In more general terms, we can illustrate what happens with the aid of MMT’s money pyramid.
Government IOUs (money and bonds) are on the top. Then banks and non-banks leverage their own IOUs on the government IOUs.
Now, what does it look like if we flip that pyramid upside down?
Now we have Government IOUs on the bottom, serving as the base of the economy. Bank and Non-Bank IOUs are leveraged on top of those IOUs – somewhat precariously.
In fact, you can think of the economy as a spinning top rather than a pyramid. Like a spinning top, the more top-heavy the economy becomes, the greater its tendency to instability, and the more readily it will topple over and collapse in a financial crisis.
Now, what happens if, as was the case during the dot-com bubble and the housing bubble, private sector net financial assets go negative but net worth continues to grow?

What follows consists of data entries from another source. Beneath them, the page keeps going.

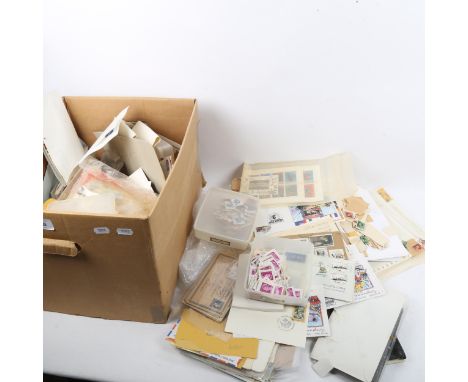 A large quantity of Vintage loose postage stamps, albums, sheets etc (boxful) 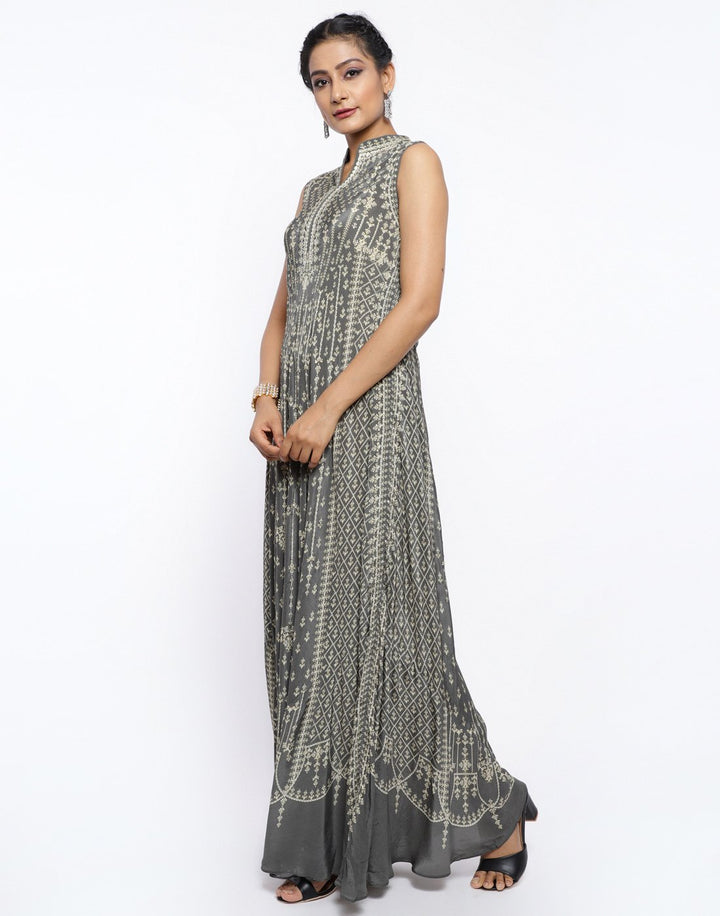 MBZ Meena Bazaar-Coral Pink Crepe Digital Printed Long Dress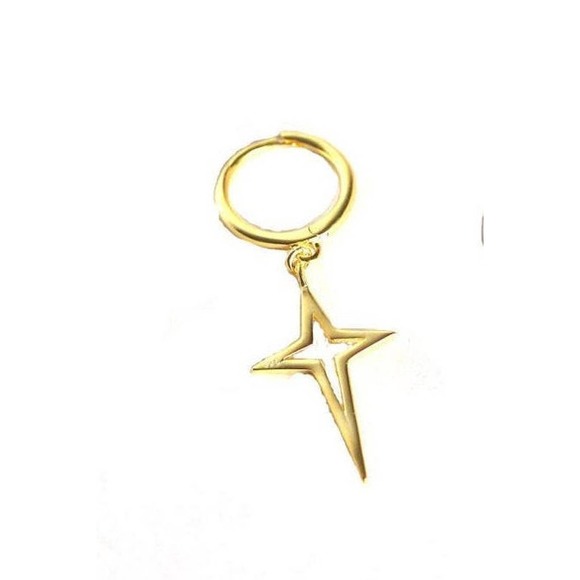 14k Plated 925Sterling Silver Cross Unisex Earring - Picture 8 of 10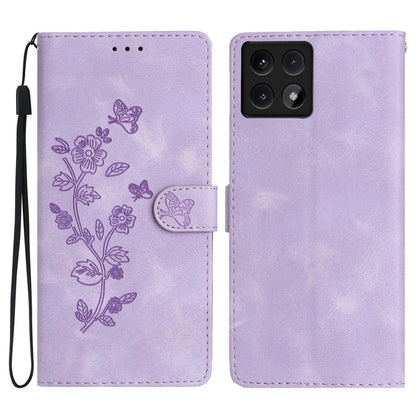 For Xiaomi 14T Case Leather Imprinted Flower Phone Cover Wallet with Wrist Strap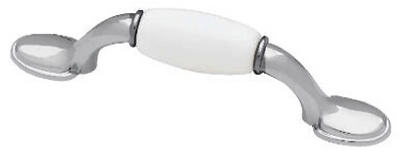 Chrome & Ceramic Insert Spoon Foot Cabinet Pulls, 3-In., 2-Pk.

In fact, the difference between the measures of net financial assets and net worth provides us with a good rule of thumb for how to spot a bubble economy. If private sector net worth is growing at a greater rate than private sector net financial assets are growing, then that means that the economy – symbolized by our spinning top – is growing more top-heavy.
So, what happens if we make the spinning top more top-heavy? You can go ask your nearest Kindergartener – it becomes more likely to topple over.

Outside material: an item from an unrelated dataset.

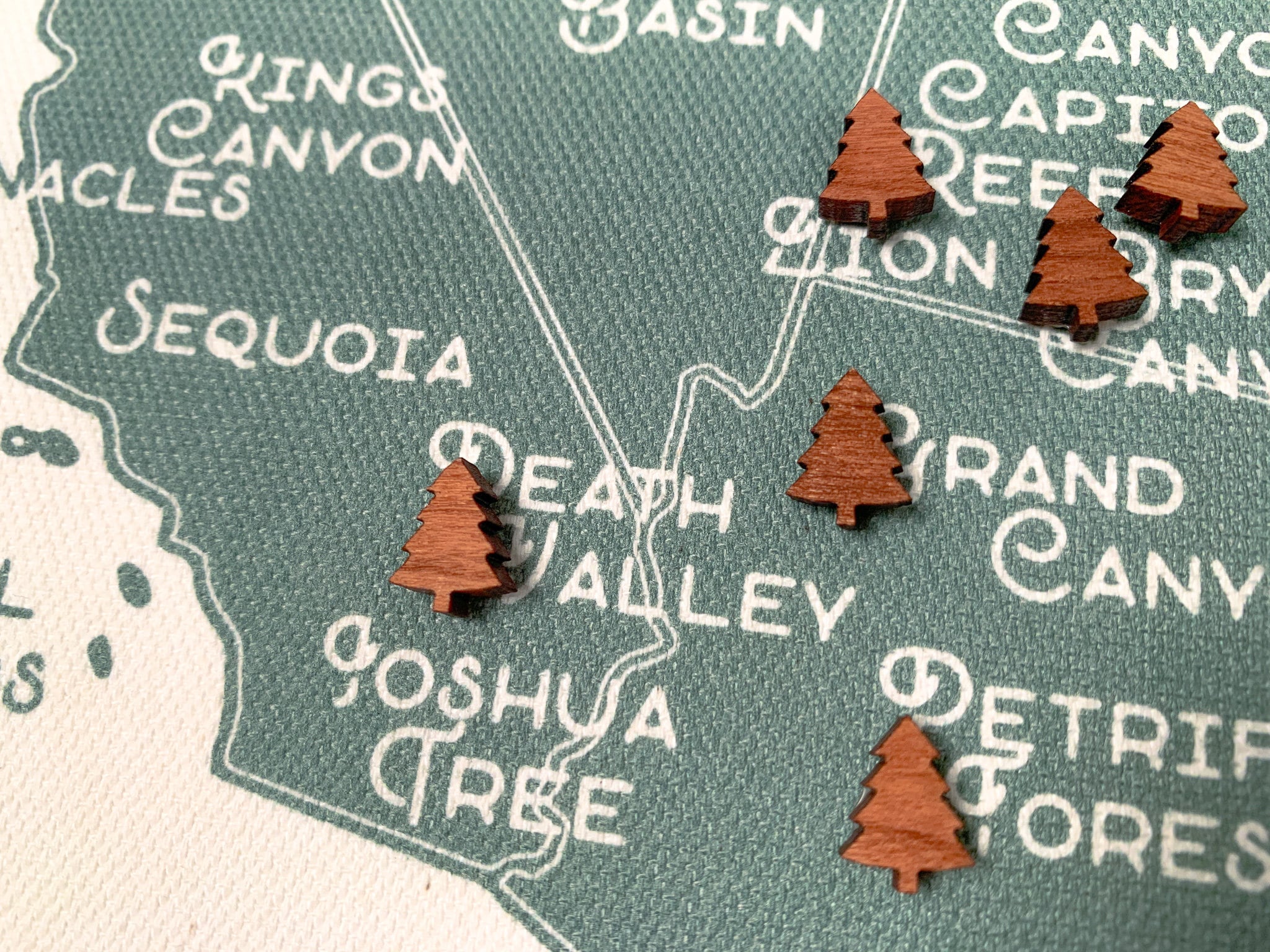 Tree Map Pin Wooden Pine Tree Push Pins: US Map Tacks, Office Decor, Handmade in the ...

That’s not the sort of economy we need.
What we need is not an increasingly unstable bubble economy, but rather a stable and robust economy with a solid foundation of government IOUs, to prevent it from toppling over and to fight the tendency towards financial instability.
To be clear, private sector liabilities are not always and everywhere, in any quantity whatever, disaster for the economy. As with spinning tops, so too with the economy’s asset structure – it’s all about the balance. For stable and robust growth, we need an economy with an asset structure that looks more like this, with enough government IOUs at the foundation to prevent the whole edifice from toppling over. In Minsky’s terms, we need a “Hedge” economy at most, not a “Speculative” economy and certainly not an unstable “Ponzi” bubble economy:
We must sidestep a fragile and unstable economy in which unaccountable multinational wall-street bankers arbitrarily destroy the American People’s wealth according to their own whims and caprices in unsustainable bubbles. MMT advocates a robust and stable financial system founded upon a solid structure of safe net financial assets, so that we can achieve the sort of strong and sustainable growth that the American People – and, indeed, the people of all countries – deserve. But we are being hindered from achieving that goal by man-made obstacles, which we must sweep aside in order to move forwards.
The only way to get there is by understanding how the monetary system works.